Electrical & Computer Engineering     |     Carnegie Mellon

Wednesday, September 1, 1:00 - 2:00pm HH-1112


Jan M. Rabaey
University of California at Berkeley

Disappearing Electronics Enable Ambient Intelligence


Wireless sensor and actuator networks are rapidly gaining majortraction in a wide range of application areas, and are leading to a new computational paradigm, often called "ambient intelligence". To be successful in the commercial arena, it is essential that the individual transceiver nodes are tiny, easily integratable into the environment, and have negligible cost. Most importantly, the nodes must be self-contained in terms of energy via a one-time battery charge or a replenishable supply of energy scavenged from the environment. The good news is that the realization of sub-mW nodes is indeed a possibility through a combination of advanced technology and clever design techniques. However, getting to the cost, size and power numbers needed for a truly ubiquitous deployment, comes with a penalty in reliability. Rather than falling back on traditional reliability enhancing techniques that compromise the energy-efficiency and cost of the individual nodes, a more effective solution is to rely on the unique nature of these networks, that is the ubiquitous availability of nodes. In this presentation, we will argue that the most natural and robust way of doing so is to explicitly exploit the randomness that is an inherent component of any ad-hoc deployed wireless network.
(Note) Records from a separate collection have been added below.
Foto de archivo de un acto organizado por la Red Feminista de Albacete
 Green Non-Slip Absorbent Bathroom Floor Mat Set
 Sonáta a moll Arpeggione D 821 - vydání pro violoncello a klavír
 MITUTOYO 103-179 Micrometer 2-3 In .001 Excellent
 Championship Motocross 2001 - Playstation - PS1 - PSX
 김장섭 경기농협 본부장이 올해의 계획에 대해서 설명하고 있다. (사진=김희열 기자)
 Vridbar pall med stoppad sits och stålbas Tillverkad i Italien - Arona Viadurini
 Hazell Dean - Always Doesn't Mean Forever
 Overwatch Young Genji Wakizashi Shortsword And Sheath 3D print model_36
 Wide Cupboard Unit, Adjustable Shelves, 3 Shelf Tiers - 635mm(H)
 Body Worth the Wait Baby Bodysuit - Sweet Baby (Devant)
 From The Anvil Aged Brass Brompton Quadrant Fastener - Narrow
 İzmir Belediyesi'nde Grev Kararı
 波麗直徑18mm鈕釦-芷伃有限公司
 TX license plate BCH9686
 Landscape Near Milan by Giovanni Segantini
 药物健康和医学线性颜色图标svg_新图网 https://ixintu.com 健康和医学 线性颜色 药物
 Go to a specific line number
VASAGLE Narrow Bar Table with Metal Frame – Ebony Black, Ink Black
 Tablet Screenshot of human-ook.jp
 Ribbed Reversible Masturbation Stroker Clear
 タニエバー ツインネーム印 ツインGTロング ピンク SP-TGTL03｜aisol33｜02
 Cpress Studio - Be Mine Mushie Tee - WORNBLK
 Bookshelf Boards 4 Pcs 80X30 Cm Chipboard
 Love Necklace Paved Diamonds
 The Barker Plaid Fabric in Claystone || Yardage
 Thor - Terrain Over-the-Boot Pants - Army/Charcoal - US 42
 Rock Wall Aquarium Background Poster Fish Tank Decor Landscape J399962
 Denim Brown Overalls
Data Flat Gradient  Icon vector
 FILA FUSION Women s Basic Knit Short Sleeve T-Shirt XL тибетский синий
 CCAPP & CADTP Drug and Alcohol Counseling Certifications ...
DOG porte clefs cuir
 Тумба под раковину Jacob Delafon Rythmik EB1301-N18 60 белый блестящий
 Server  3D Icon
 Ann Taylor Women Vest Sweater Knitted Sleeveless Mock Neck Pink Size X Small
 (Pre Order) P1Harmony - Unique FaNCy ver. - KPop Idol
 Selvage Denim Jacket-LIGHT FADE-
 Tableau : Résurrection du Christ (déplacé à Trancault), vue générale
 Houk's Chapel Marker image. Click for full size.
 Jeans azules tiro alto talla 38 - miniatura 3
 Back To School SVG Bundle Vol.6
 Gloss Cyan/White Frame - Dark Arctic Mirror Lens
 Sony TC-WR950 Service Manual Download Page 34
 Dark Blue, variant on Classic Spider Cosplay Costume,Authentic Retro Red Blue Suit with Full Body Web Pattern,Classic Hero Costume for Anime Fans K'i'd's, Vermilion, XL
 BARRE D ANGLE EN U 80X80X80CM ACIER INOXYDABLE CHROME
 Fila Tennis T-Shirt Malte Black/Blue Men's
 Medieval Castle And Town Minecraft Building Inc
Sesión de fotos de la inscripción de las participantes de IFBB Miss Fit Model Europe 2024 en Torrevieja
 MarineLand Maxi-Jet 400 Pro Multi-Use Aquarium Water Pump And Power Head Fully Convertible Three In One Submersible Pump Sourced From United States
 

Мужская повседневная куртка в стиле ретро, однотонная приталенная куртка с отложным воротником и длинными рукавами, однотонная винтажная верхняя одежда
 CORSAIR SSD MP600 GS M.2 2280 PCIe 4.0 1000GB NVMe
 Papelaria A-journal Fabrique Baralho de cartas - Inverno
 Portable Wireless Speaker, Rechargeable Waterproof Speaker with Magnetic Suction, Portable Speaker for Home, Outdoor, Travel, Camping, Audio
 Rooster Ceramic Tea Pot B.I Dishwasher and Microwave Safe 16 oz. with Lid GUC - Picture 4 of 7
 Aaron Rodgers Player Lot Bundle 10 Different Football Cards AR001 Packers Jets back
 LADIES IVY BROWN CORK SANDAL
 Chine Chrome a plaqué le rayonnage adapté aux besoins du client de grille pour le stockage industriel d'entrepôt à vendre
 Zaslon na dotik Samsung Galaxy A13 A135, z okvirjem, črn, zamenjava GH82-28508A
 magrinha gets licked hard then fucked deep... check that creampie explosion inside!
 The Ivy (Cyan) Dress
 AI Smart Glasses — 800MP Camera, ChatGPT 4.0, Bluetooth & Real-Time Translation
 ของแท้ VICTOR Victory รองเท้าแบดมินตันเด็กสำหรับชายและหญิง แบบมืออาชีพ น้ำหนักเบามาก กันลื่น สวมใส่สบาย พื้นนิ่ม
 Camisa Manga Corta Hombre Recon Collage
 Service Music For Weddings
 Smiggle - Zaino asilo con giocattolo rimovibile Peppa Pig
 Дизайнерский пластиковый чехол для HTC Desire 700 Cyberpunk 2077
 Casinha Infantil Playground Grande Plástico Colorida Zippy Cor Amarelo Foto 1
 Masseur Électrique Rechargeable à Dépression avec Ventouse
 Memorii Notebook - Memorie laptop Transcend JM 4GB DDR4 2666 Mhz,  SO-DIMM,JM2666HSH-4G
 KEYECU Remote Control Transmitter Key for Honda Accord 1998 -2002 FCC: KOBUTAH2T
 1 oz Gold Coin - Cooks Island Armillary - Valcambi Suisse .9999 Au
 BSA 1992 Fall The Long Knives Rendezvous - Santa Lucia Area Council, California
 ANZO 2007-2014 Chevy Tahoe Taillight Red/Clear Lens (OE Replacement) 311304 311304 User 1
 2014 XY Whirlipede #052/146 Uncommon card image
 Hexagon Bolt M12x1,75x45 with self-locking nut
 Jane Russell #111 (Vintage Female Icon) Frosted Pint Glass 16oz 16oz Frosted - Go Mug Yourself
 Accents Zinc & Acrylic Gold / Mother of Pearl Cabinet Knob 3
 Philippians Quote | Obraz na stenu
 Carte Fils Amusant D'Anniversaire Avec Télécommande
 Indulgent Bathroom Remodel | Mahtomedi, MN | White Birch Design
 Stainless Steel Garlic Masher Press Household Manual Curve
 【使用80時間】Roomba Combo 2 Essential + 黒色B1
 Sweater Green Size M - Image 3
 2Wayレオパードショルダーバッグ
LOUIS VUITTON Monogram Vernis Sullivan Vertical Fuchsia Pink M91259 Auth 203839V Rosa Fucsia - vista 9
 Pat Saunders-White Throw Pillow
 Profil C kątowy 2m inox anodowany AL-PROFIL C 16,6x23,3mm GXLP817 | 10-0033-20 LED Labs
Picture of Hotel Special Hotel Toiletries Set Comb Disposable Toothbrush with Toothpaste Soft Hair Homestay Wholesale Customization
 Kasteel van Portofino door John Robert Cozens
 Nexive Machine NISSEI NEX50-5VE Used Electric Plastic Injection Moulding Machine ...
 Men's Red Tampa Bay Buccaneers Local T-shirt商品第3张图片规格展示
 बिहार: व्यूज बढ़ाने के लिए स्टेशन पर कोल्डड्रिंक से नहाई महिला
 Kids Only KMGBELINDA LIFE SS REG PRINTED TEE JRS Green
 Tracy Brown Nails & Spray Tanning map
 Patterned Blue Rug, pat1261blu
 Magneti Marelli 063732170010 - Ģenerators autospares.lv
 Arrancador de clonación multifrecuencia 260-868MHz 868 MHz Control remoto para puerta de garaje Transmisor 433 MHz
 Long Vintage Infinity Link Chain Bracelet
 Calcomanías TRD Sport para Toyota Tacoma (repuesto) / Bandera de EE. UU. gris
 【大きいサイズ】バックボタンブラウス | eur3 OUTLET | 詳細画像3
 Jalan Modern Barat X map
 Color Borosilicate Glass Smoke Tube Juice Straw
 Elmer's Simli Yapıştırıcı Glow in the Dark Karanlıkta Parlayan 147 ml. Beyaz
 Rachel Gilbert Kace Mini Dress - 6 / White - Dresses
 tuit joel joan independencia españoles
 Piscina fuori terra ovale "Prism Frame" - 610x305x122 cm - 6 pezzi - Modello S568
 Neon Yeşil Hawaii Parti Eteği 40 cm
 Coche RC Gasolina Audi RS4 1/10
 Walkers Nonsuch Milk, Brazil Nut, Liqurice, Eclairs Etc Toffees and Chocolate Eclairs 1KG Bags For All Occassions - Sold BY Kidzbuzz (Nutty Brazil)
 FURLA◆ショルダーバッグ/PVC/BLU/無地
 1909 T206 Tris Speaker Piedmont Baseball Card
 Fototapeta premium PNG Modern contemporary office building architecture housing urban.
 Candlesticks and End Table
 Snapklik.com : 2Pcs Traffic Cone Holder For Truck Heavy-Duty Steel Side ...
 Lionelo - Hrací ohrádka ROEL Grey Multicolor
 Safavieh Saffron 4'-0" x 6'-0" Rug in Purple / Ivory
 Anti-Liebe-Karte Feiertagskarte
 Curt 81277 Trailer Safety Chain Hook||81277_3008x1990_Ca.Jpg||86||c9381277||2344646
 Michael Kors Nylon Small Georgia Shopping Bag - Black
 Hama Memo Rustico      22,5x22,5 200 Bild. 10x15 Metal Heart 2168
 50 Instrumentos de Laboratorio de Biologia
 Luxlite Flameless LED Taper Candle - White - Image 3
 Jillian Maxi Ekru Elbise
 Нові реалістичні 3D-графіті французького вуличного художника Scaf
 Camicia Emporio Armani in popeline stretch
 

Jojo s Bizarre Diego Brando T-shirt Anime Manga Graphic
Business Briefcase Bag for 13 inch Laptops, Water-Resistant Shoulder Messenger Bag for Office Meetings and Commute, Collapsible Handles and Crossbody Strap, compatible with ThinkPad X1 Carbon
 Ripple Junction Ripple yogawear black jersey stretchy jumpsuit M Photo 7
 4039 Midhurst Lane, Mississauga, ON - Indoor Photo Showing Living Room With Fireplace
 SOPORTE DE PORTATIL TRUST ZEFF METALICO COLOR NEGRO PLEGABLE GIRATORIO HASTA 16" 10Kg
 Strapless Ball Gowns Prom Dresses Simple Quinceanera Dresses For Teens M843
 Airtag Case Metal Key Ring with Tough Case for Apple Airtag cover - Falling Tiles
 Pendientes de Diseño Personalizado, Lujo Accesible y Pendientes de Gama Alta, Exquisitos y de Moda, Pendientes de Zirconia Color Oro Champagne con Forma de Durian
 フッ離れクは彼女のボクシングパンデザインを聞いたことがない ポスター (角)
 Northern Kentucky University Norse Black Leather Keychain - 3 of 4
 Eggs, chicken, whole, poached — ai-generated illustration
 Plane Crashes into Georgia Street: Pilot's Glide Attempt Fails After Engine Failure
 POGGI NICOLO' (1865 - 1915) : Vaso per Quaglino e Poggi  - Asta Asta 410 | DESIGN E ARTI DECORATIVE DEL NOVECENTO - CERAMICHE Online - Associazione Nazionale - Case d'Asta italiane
Jan M. Rabaey received the EE and Ph.D degrees in applied sciences from the Katholieke Universiteit Leuven, Belgium, respectively in 1978 and 1983. From 1983 till 1985, he was connected to the University of California, Berkeley as a Visiting Research Engineer. From 1985 till 1987, he was a research manager at IMEC, Belgium, and in 1987, he joined the faculty of the Electrical Engineering and Computer Science department of the University of California, Berkeley, where he is now holds the Donald O. Pederson Distinguished Professorship. He has been a visiting professor at the University of Pavia (Italy), Waseda University (Japan), Technical University Delft (Netherlands), and Victoria Technical University and the University of New South Wales (Australia). He was the associate chair of the EECS Dept. at Berkeley from 1999 till 2002, and is currently the Scientific co-director of the Berkeley Wireless Research Center (BWRC), as well as the director of the GigaScale Systems Research Center (GSRC). He is an IEEE Fellow.